Interior Secretary James G. Watt -- invoking a presidential claim of executive privilege -- refused yesterday to turn over 31 documents that a House subcommittee had subpoenaed, opening himself to the possibility of being held in contempt of Congress.
It was the Reagan administration's first claim of executive privilege. Instead of producing the documents demanded by the subcommittee's subpoena, Watt presented a memo to him from President Reagan claiming executive privilege for the materials, which have to do with a trade dispute with Canada.
"It is my decision that you should not release these documents, since they either deal with sensitive foreign policy negotiations now in process or constitute materials prepared for the Cabinet as part of the Executive Branch deliberative process through which recommendations are made to me," Reagan wrote. Under that conclusion, Reagan wrote, "I am compelled to assert executive privilege." The memo ordered Watt not to produce the documents.
Watt told the committee the president had seen the documents for the first time on Tuesday when they were presented to him for a decision on whether to claim executive privilege.
Subcommittee Chairman Rep. John D. Dingell (D-Mich.) stopped short of threatening to move to have Watt held in contempt of Congress. But he indicated that Watt may be cited if no compromise can be worked out and the documents are not produced.
"The patience of the committee is wearing thin," Dingell said. Subcommittee counsel Kathryn Seddon also cautioned an assistant attorney general who acted as an attorney to Watt that the Justice Department might face a conflict of interest in advising Watt beyond a certain point. Justice, she explained, would be called upon to prosecute if Watt were charged with contempt.
In refusing to hand over the documents, the administration relied on several arguments, including the sensitive nature of the papers and a claim that delivery of the documents would disrupt the deliberative process leading to a major decision.
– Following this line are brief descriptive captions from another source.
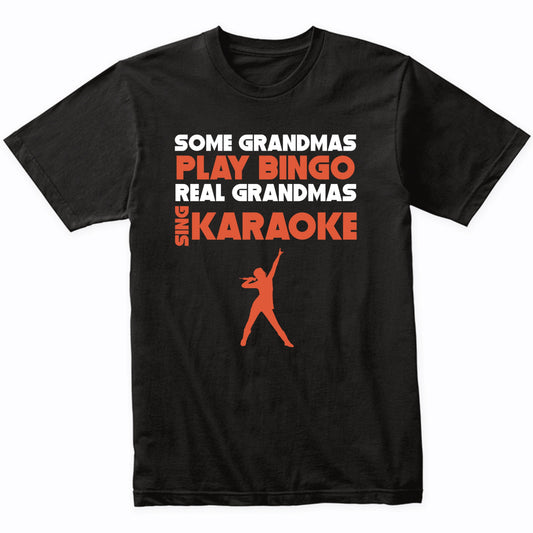 Some Grandmas Play Bingo Real Grandmas Sing Karaoke T-Shirt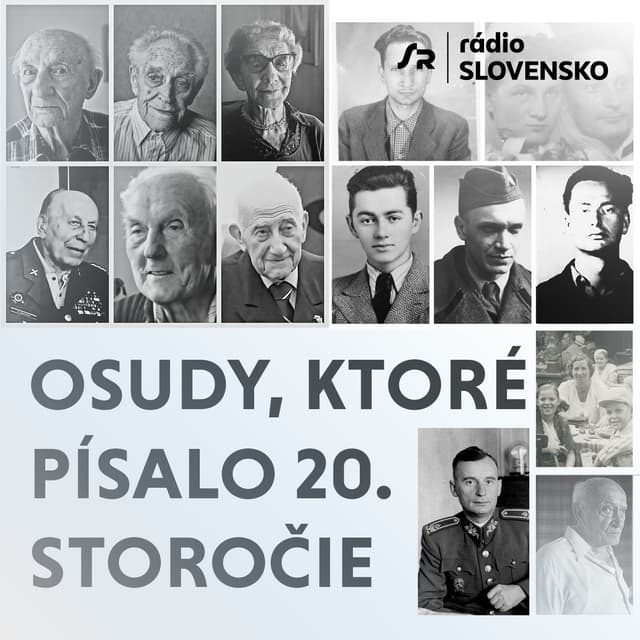 Osudy, ktoré písalo 20. storočie (10.3.2024 10:05)
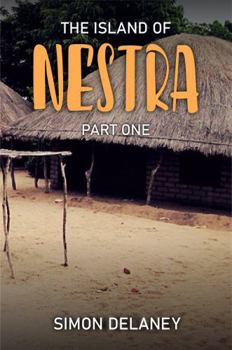Paperback The Island of Nestra: Part One Book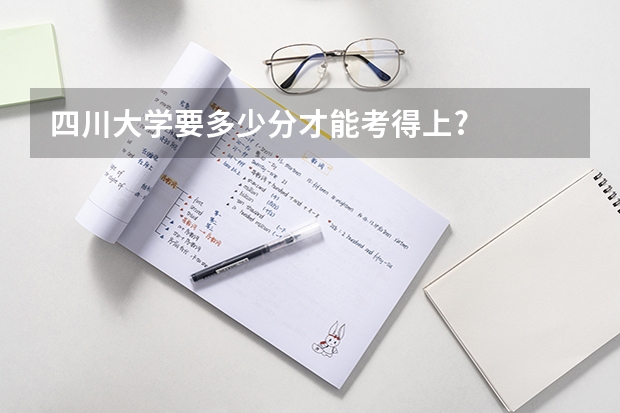 四川大学要多少分才能考得上?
White House spokesman Larry Speakes said the heart of the matter is that the documents deal with advice from Cabinet members to the president, which Speakes said should never be revealed. He also said some of the documents were classified.
The documents in question have to do with the issue of whether retaliatory provisions of the Mineral Lands Leasing Act should be invoked against Canada. Under Canada's energy plan, which is designed to produce greater Canadian control of that country's natural resources, the government has implemented actions that American natural resource companies say discriminate against them. The documents withheld include classified telegrams from the U.S. embassy in Canada, memos from U.S. trade representative William Brock and numerous internal Interior Department memos.
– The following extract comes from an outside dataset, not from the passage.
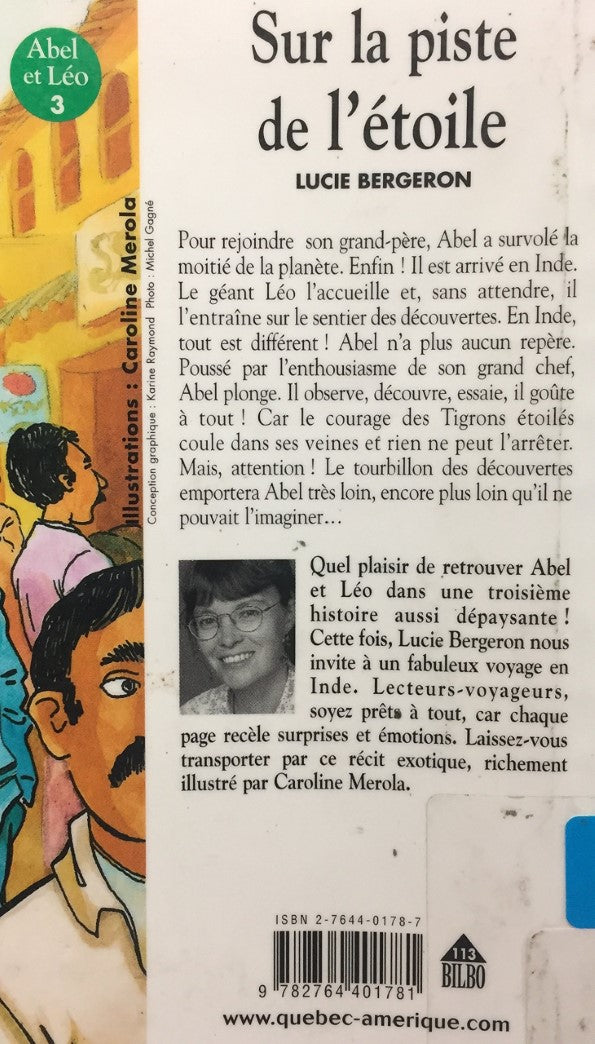 Livre Abel et Léo # 3 : Sur la piste de l'étoile - Lucie Bergeron (Livre d'occasion) - ISBN 27644...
In the wave of concern that followed takeovers and threatened takeovers of American companies or their Canadian subsidiaries, several members of Congress and others suggested that provisions of the leasing act might be invoked that allow Watt to deny federal oil and gas leases to countries that are found not to provide equal opportunities to American companies.
Watt has made no decision on whether to use that power.
The subcommittee had requested a number of documents to determine whether Watt was violating the law by not invoking the reciprocity provisions, Dingell said. After several months of back and forth about what Watt would do and what documents would be produced, the subcommittee voted the subpoena, he said.
Watt asserted that the Interior Department has been cooperative with the subcommittee, producing strong disagreement from Dingell.
Rep. Albert Gore (D-Tenn.) called the claim of executive privilege in this case "absolutely ridiculous."
"There will be a sharp conflict between the Congress and the Executive Branch that is totally unnecessary."